Detection probabilities

detection probabilities and cost for a adult pedestrian at the distance

At the graph above in you can see two solid lines representing the detection probability of a human mannequin at a given distance. Orange line represents the vision trend for 2mpx and blue line — for 8mpx sensor.

For instance, if we target the detection probability of 0.5, we can find out that with 8mpx sensor (blue line) the ADV will be able to detect the human at 390m and with 2mpx sensor - at 320m, which are hypothetical maximums of detection distances of cameras tested camera prototypes. With 8mpx camera we gain 70m of distance advantage for ADV to detect, predict and react. Slicing the trend at 0.75 confidence level we can observe difference in distance of detection around 60m and at 1 the two trends converge at around 200m. Thus below 200m (unless we are targeting some gesture or face detection there is not much benefit to use computationally expensive 8mpx).
You might be surprised to compare the numbers for human detection vs. detection of a deer.

Above results were perceived at clear sunny day Aug. 25, 2021 at Crow’s Landing airport: 84°F (29°C), with 8 MPH wind, 30% humidity.

Cost of detection

The dotted line represents the cost of detection of the pedestrian at a given distance in pixels with each of the sensors.

For example, at 100m we would need at least 20 pixels horizontally to detect a pedestrian with 2mpx sensor and 40 pixels with 8mpx sensor.
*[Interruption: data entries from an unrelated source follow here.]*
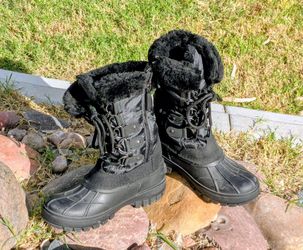 Tundra Perth Snow Boot Kids Sz.33EU Black Fleece Lined Zipper Mid-Calf Boots EUC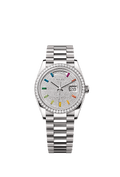 Rolex Day-Date 36 White Gold / Diamond / Paved-Rainbow / President — Ref. 128349RBR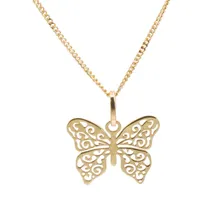 Bella Carina Schmetterlingsanhänger Anhänger Schmetterling mit Kette 585 Gold 14 Karat, 585 Gold 14 Karat 45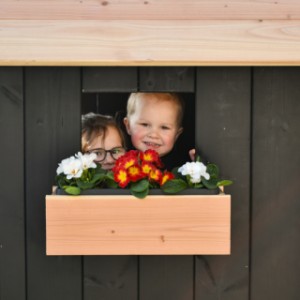 Playhouse Dream features a window with a charming flower box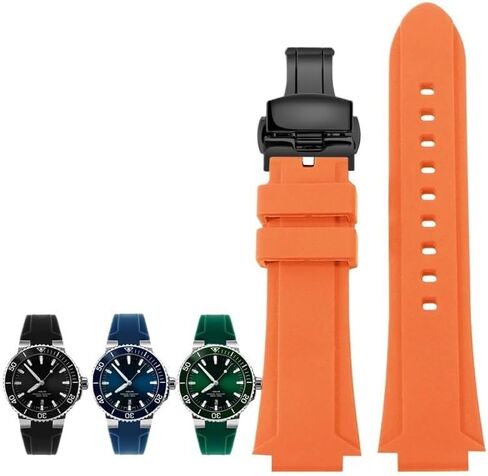 Protruding Notch Rubber Watch Chain For ORIS Diving 7730 7740 Men's Silicone Sports strap in Kuwait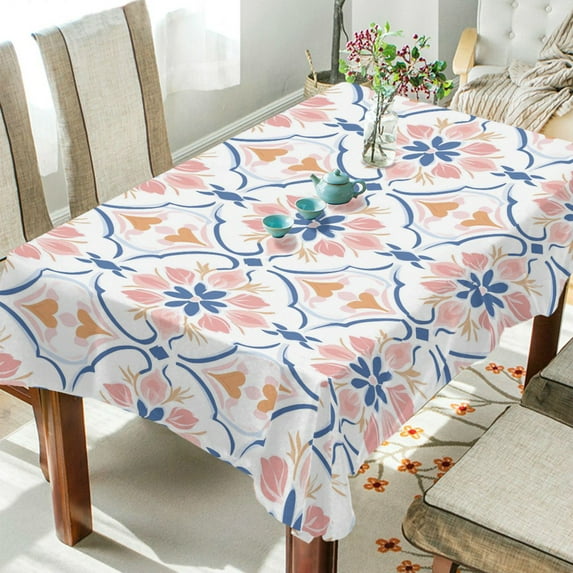 Yayeee Tablecloths 54" x 54" Rectangle Wrinkle Resistant Party Table Cover, Pink Mosaic Pattern
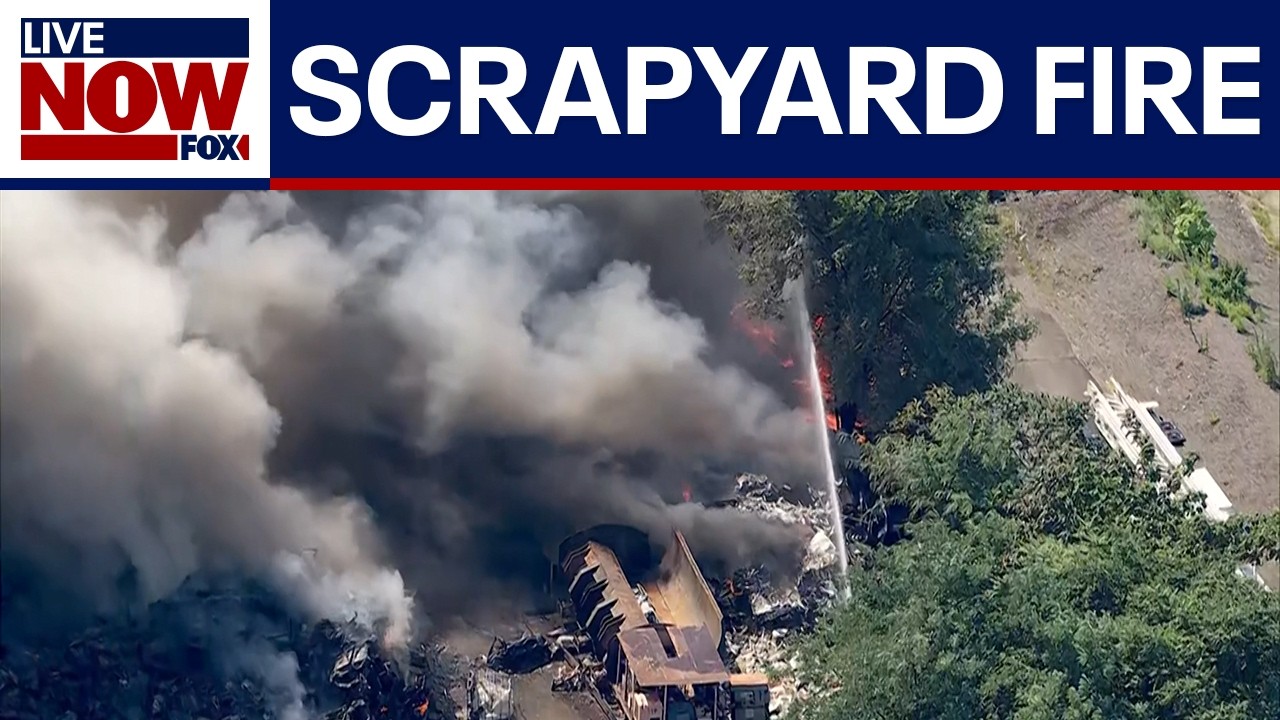 Large scrapyard fire erupts in Philadelphia area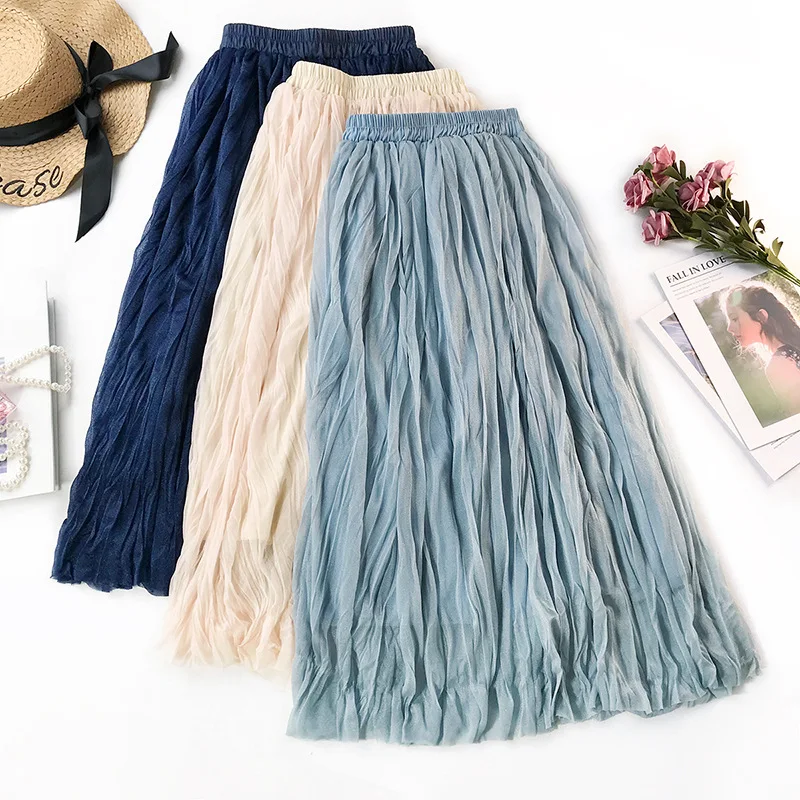 

Woman Spring summer High Waist Pearl color lace Tulle Pleated Skirt Female Mesh A-line casual loose long tutu Skirts blingbling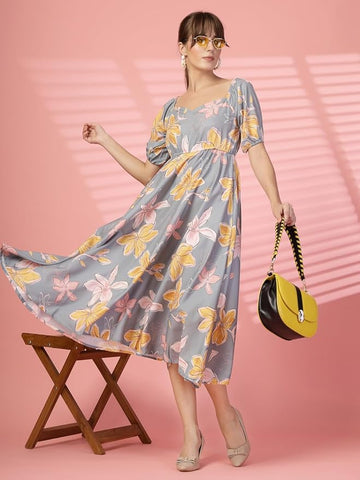 Women's Printed Stylish Maxi Dress With Puffed Sleeve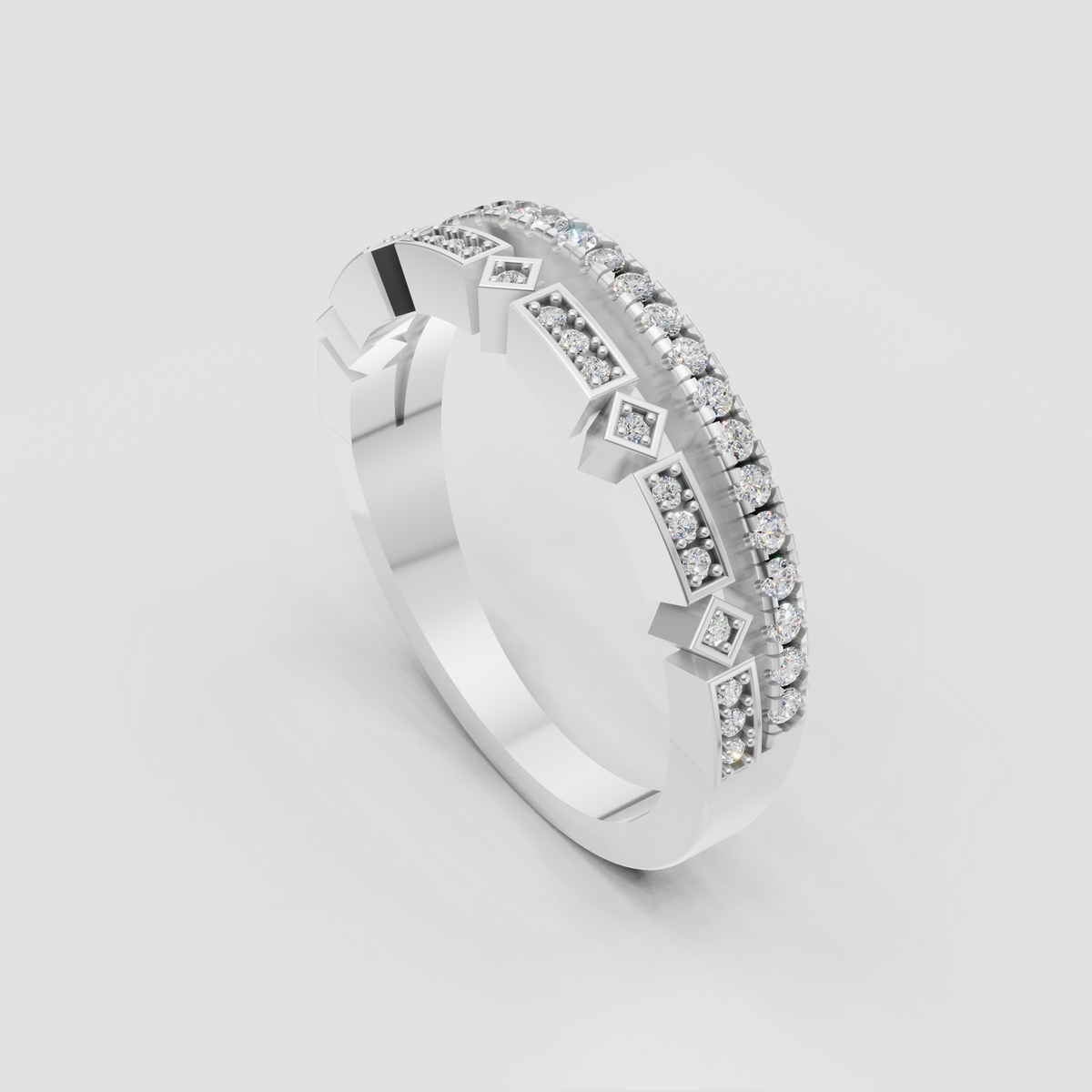 Polished yellow gold diamond band with alternating geometric settings
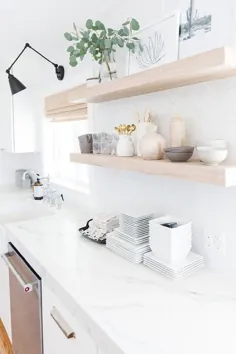 سنگ مرمر سفید مانند پیشخوان آشپزخانه - انتقالی - آشپزخانه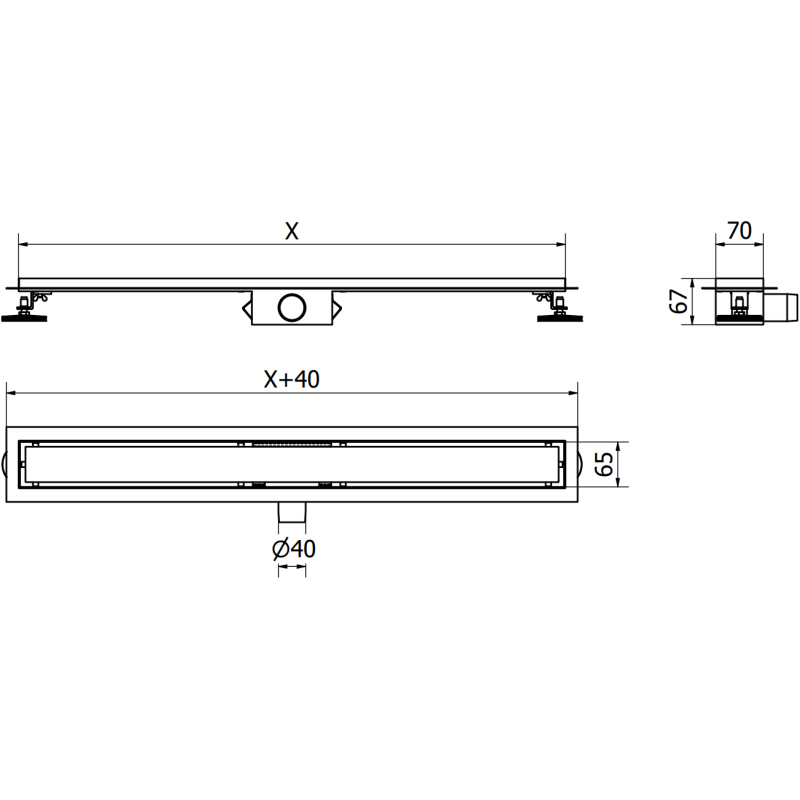 Mexen Flat corps pour drainage linéaire 90 cm, inox - 1015090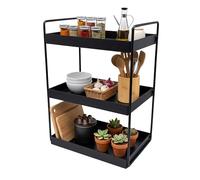 Scaffale per spezie Relaxdays, 3 Ripiani, salvaspazio, Organizer Cucina, HLP: 44 x 26 x 18 cm, Metallo, Nero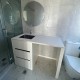 1500MM White Laundry Tub-Plywood Cabinet&Marble Bench with Sink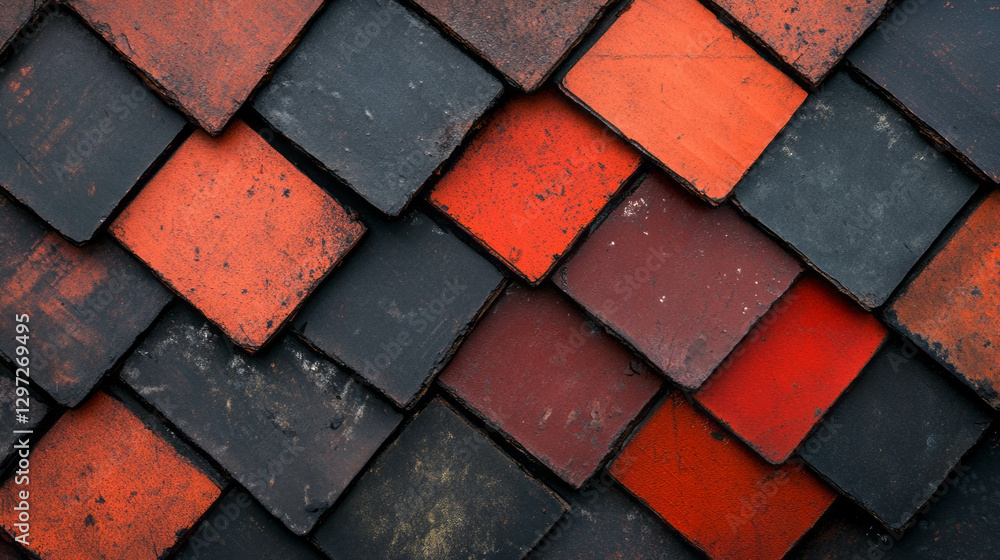 Poster layered roof shingles pattern with various textures and colors for architectural background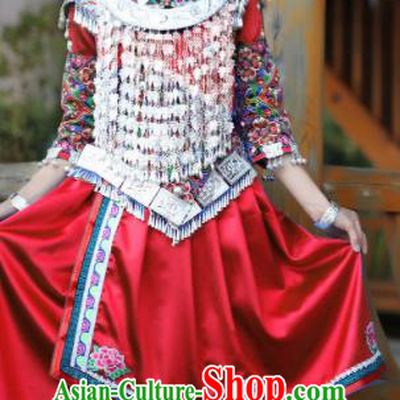 Chinese Traditional Miao Nationality Embroidered Red Dress and Headpiece Ethnic Folk Dance Costume for Women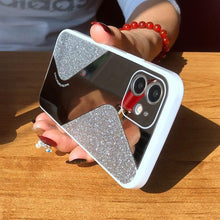 Load image into Gallery viewer, Women Luxurious Glitter Makeup Mirror Phone Case For iPhone 12 11 Pro MAX X XS XR 8 7 Plus Luxury Silicone Shockproof Cover Fixed Non Moving Sparkling Shining Glitter Stars Soft Silicone Case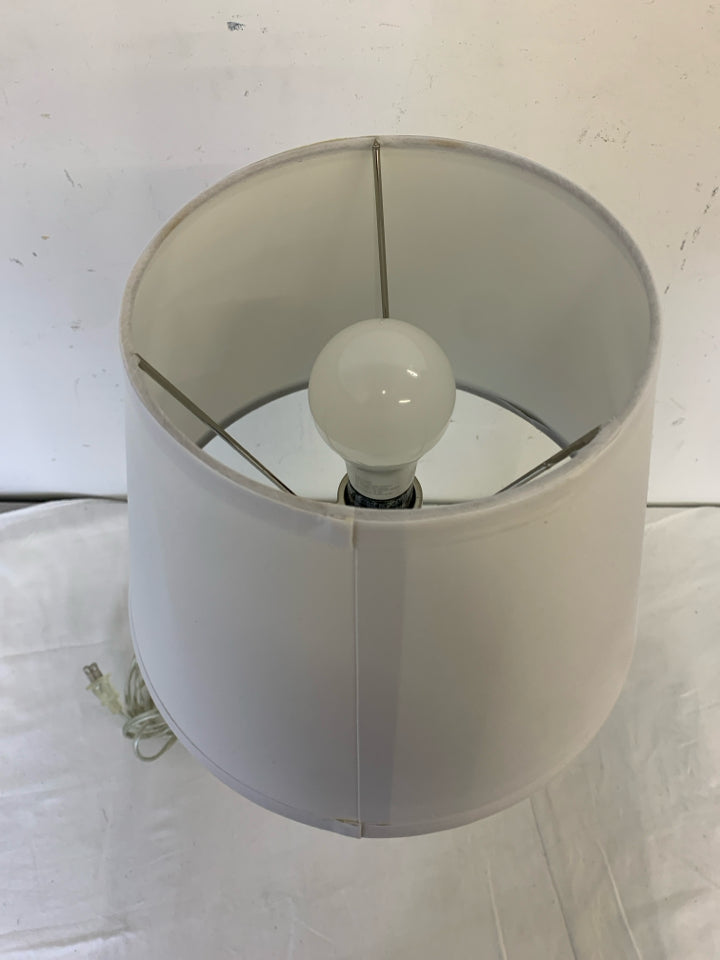 SILVER PLASTIC BASE LAMP W/WHITE SHADE.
The cost of compute (number of transistors) will grow as a square of the pixel size ratio — thus it be 4x more computationally expensive to detect a pedestrian at 100m with 8mpx sensor.

Conclusions

Above we conducted a field experiment engaging a target perception group of image labeling team members at Pony.AI, were able to learn vision trend for 2 and 8mpx sensors for detection of different objects and relate 2 and 8 mpx trends via cost and probability of detection of numerous objects at wide range of distances.

Using the charts below one can determine the rational of using what type of sensor resolution/pixel size for different application.

detection probabilities of different objects

Notice how different results are for different objects due to difference in size, shape, morphological structure and material.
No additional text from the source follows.